::: RECORDS TO PROCESS :::

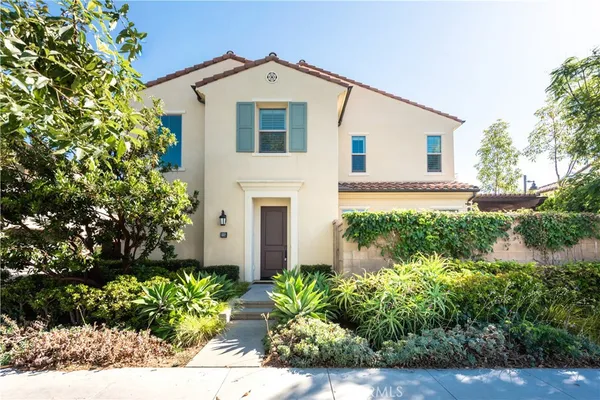 $5,200 | 115 Okra, Irvine, CA 92618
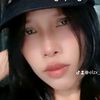elzx_3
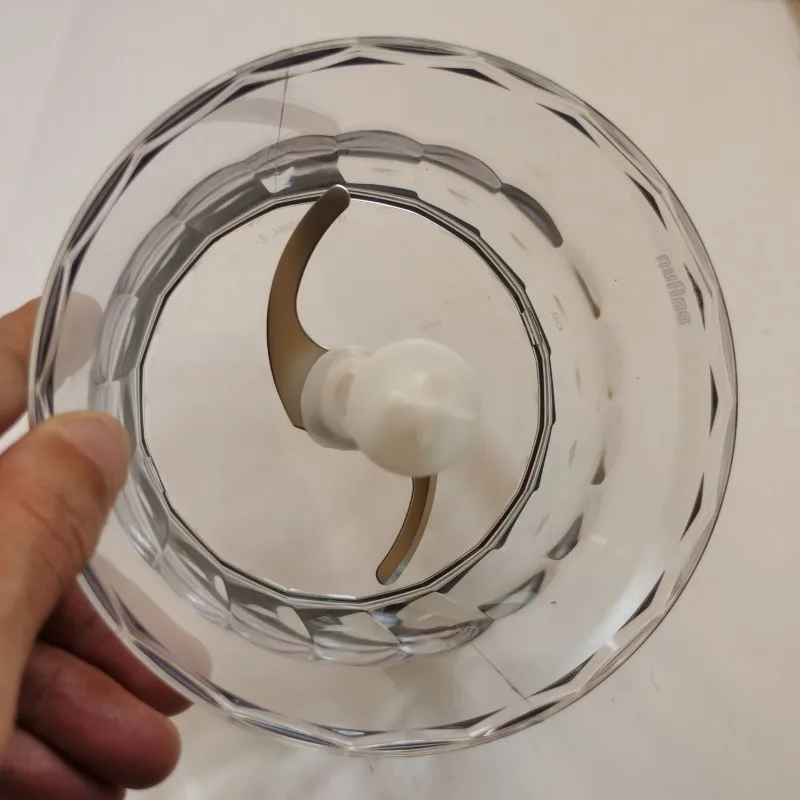 Slide image e17cd450dbb341aba1cfacc9214b4062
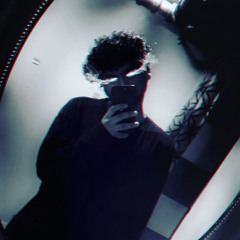 Alucard
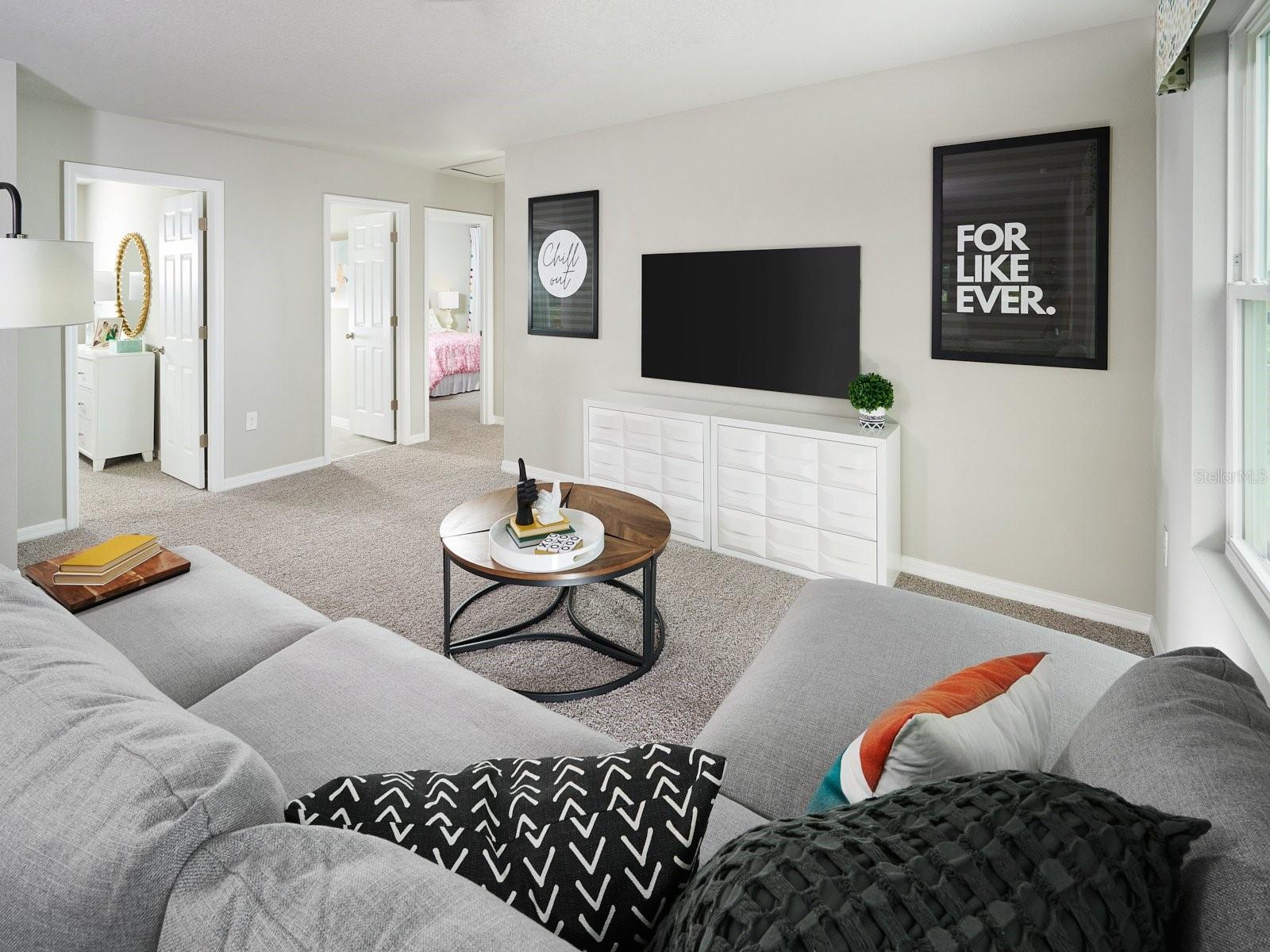 14186 CRUTCHFIELD CT, PARRISH, FL, 34219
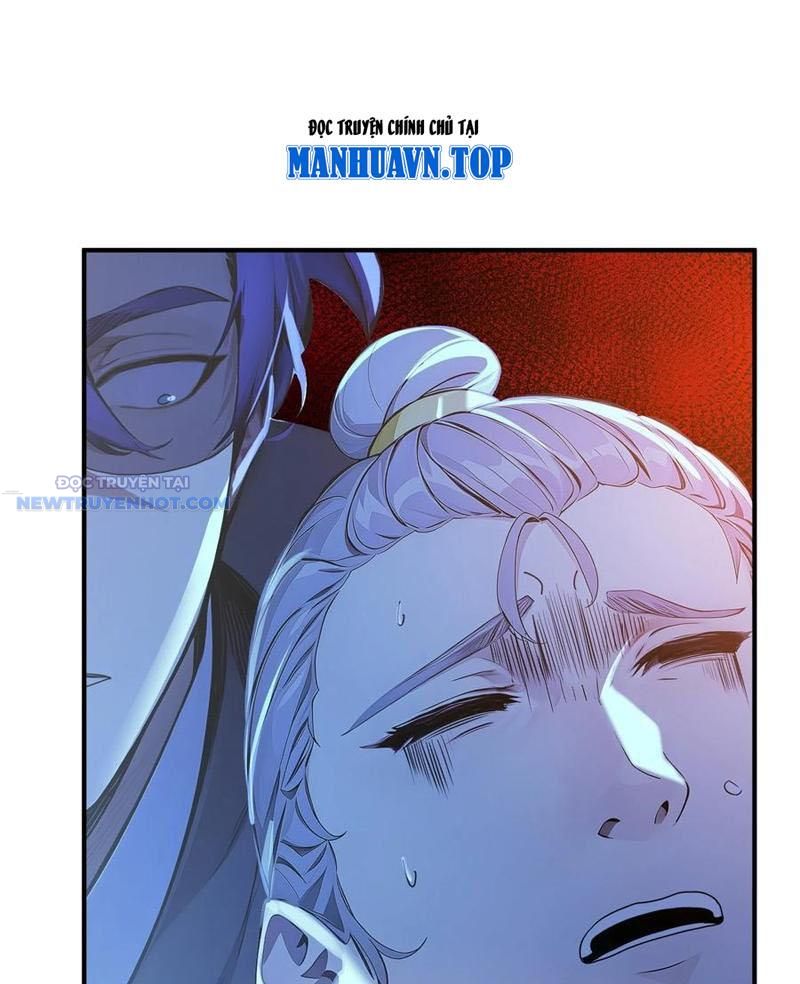 Ta Thật Không Muốn Làm Thánh Tiên Chapter 51 - Trang 29
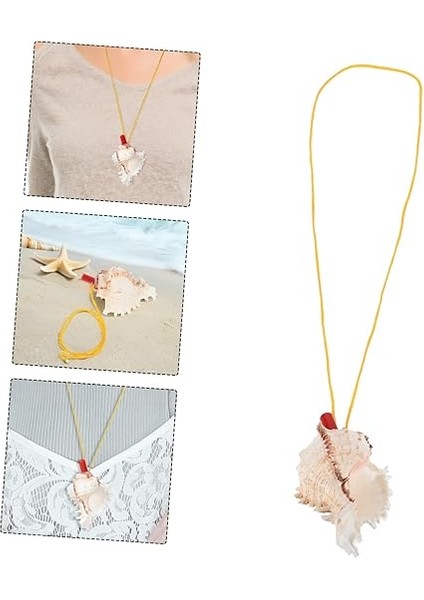 Doğal Kabuğu Konç Ihlalesi Boyutunda Müzikal Olarak Kullanılabilen Plaj Temalı Parti ve Düğün Dekorasyonu Için Idealdir Taşınabilir ve Eğlenceli fırsatları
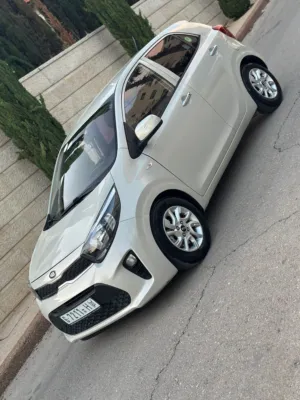 دفعه-25-وشكات-السعر48-اوكاش-بسعر43000-بصمه-شاشه-فل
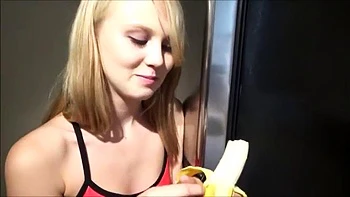 Incredible Amateur clip with College, POV scenes: Blowjob, Doggy  Cowgirl Porn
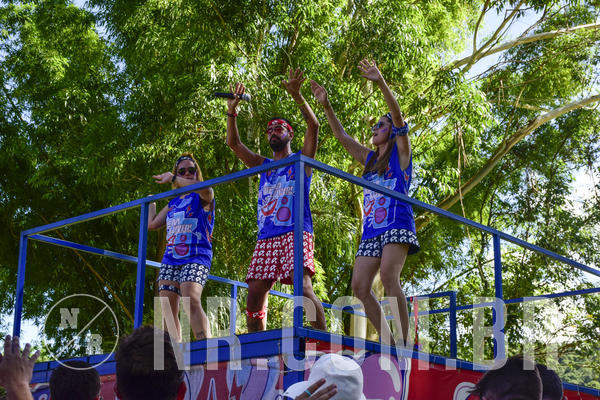 Buy your photos of the eventNR Sun - Resort Sapuca� Mirim 15 a 18/12/19 on Fotop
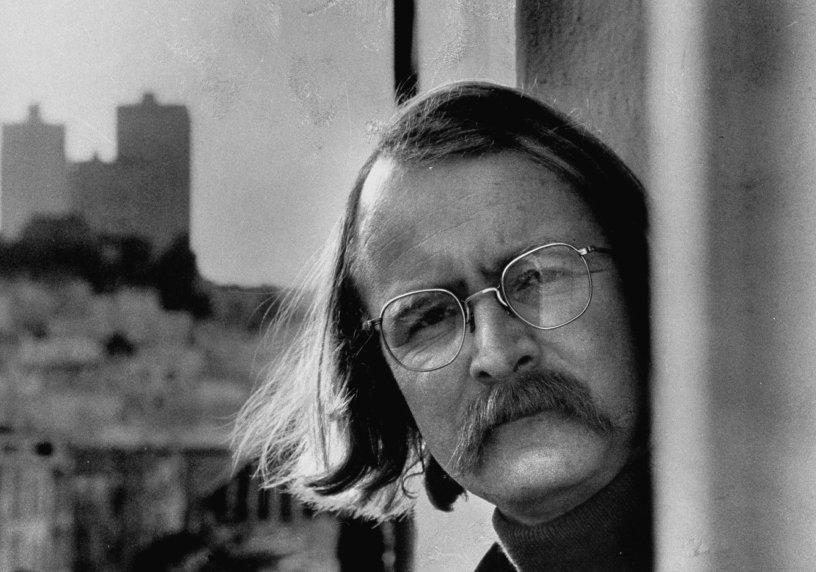 richard-brautigan-malesangue-pesca-trota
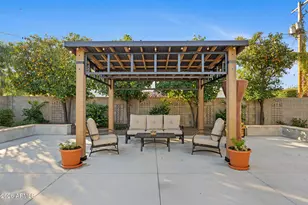 4209 E Patricia Jane Dr, Phoenix, AZ 85018 - Photo 33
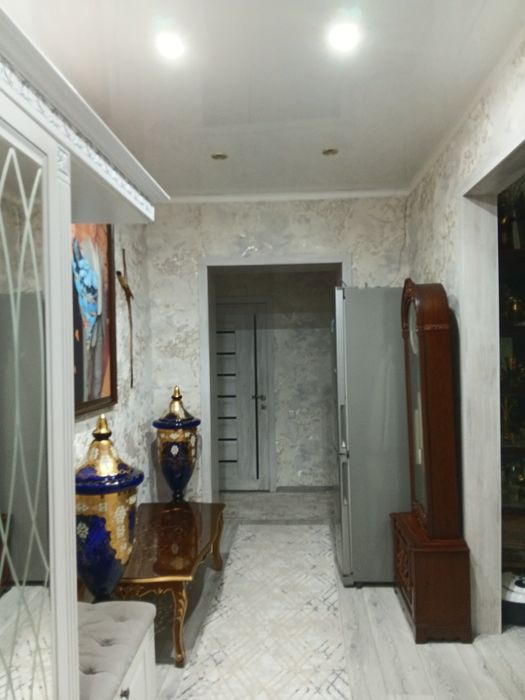 Продам квартиру срочно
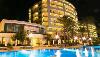 Radisson SAS Golden Sands Resort & Spa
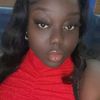 emelia.adjeidarko
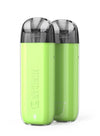 Aspire Minican 2 Pod System Kit - IMMYZ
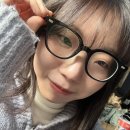 (주)신영정공 이미지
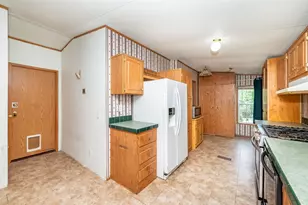 134 Mary Rd, Wakefield, NH 03830 - Photo 5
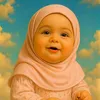 lyha.sa7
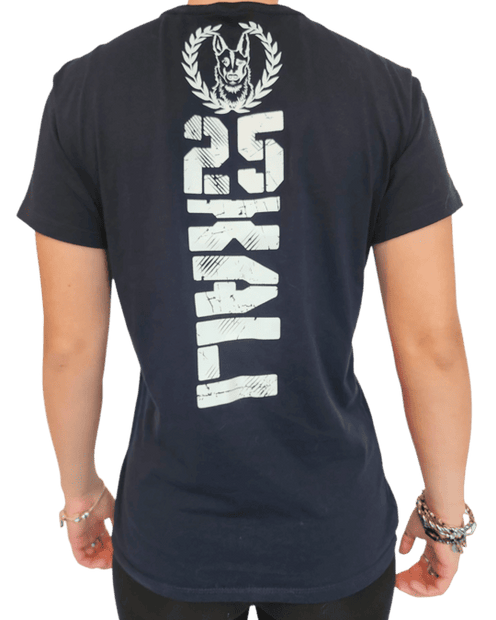 T-shirt Custom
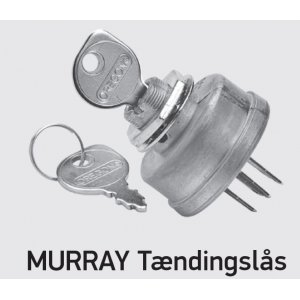 Murray tndning kopplare 091846MA, PJ33-396, 018272, 91846, 30068, 791846, 300687 (NGP33-396)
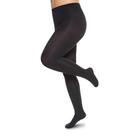 Meia-Calça Opaca Rashel Loba Lupo 17613-001 Plus Size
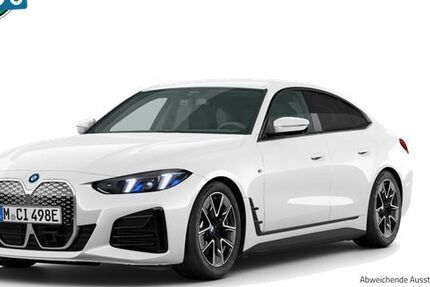BMW i4 31.005 km 46.990 &euro; Soest 59494
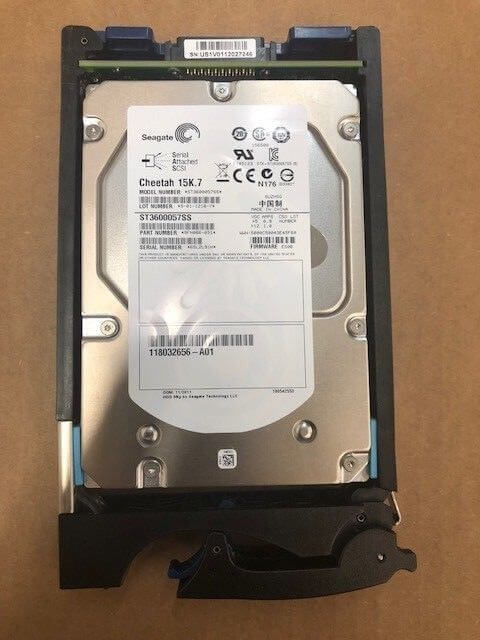 Refurbished 005049274 EMC 600GB 15K SAS 6G 3.5" ST3600057SS HDD Refurbished 005049274 EMC 600GB 15K SAS 6G 3.5&#8243; ST3600057SS HDD 1523854391 954 s l1600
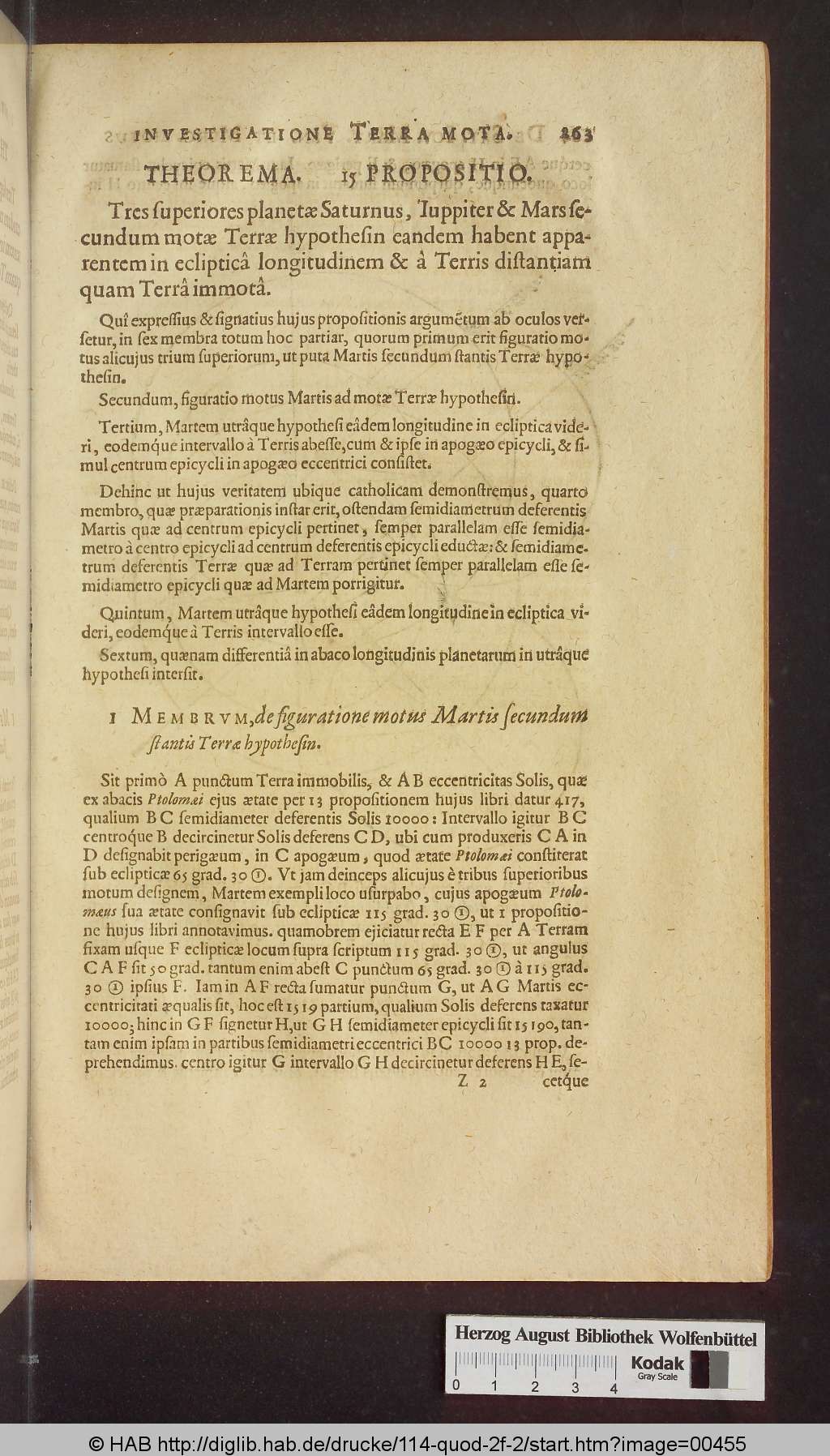 http://diglib.hab.de/drucke/114-quod-2f-2/00455.jpg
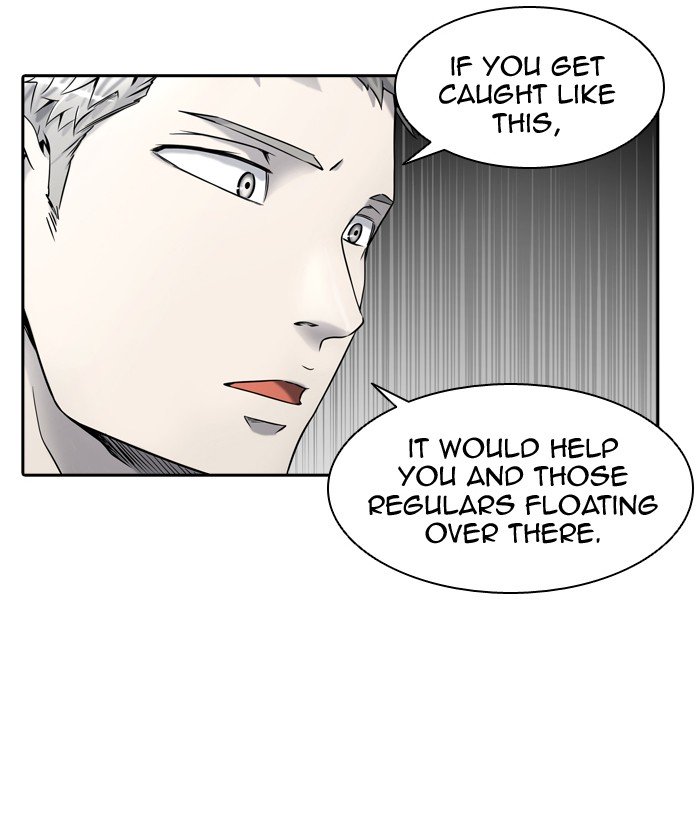 Page 79 of Chapter 400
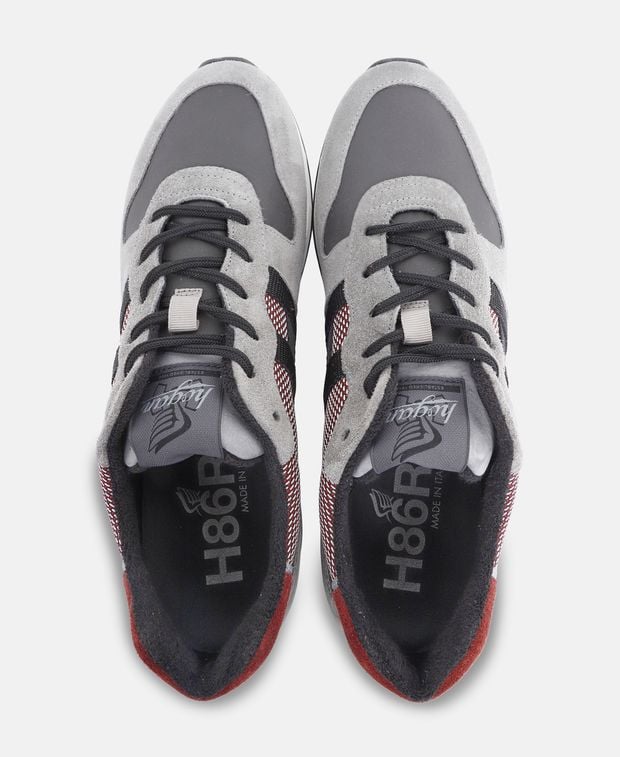 Hogan Sneakers Nastro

:::

REQUIRED ACTION »
Give again the stretch of the entries above that begins at the line with "Meia-Calça Opaca Rashel" and ends at the line with "http://diglib.hab.de/drucke/114-quod-2f-2/00455.jpg", word for word, with no pictures.

EXERCISE ANSWER »
 Meia-Calça Opaca Rashel Loba Lupo 17613-001 Plus Size
BMW i4 31.005 km 46.990 &euro; Soest 59494
 Refurbished 005049274 EMC 600GB 15K SAS 6G 3.5" ST3600057SS HDD Refurbished 005049274 EMC 600GB 15K SAS 6G 3.5&#8243; ST3600057SS HDD 1523854391 954 s l1600
 http://diglib.hab.de/drucke/114-quod-2f-2/00455.jpg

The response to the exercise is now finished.